• _What is required_: Your copy of the entries below should hold exactly the lines from the one containing "massief oud hout" to the one containing "Produktbild von Whiskeyglas", inclusive, and no pictures.

• _Exercise data_:
----

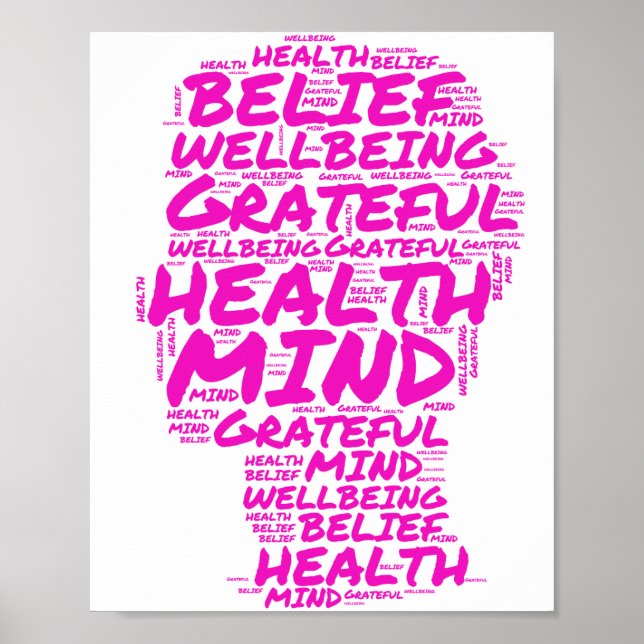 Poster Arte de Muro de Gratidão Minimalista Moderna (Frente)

----

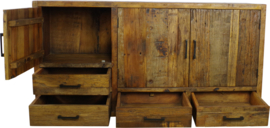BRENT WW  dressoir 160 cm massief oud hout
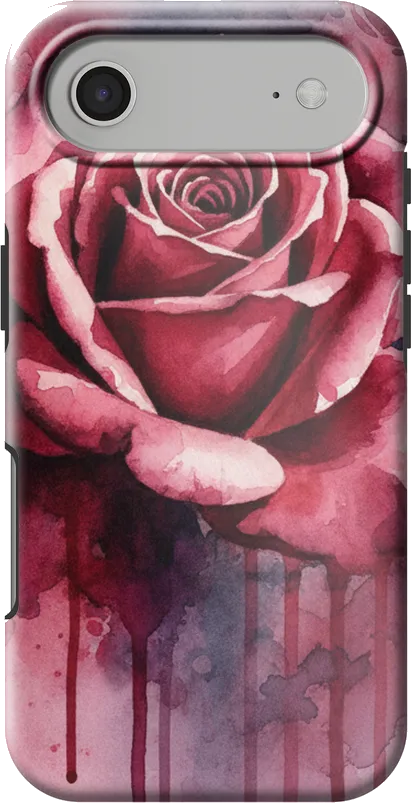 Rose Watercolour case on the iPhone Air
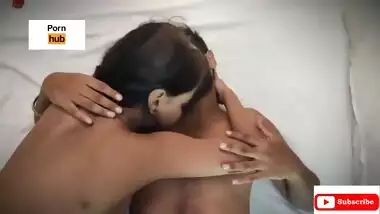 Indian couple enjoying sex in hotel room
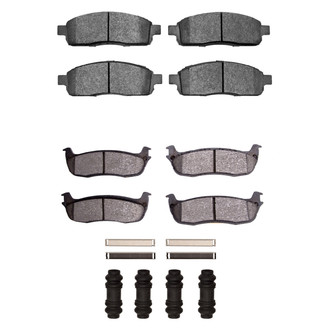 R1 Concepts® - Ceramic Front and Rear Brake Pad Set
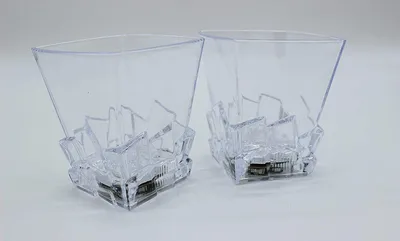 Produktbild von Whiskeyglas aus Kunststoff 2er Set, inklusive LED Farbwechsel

----

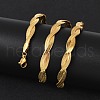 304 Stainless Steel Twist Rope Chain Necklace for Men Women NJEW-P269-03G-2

----

• _Task answer_:
BRENT WW  dressoir 160 cm massief oud hout
 Rose Watercolour case on the iPhone Air
 Indian couple enjoying sex in hotel room
 R1 Concepts® - Ceramic Front and Rear Brake Pad Set
 Produktbild von Whiskeyglas aus Kunststoff 2er Set, inklusive LED Farbwechsel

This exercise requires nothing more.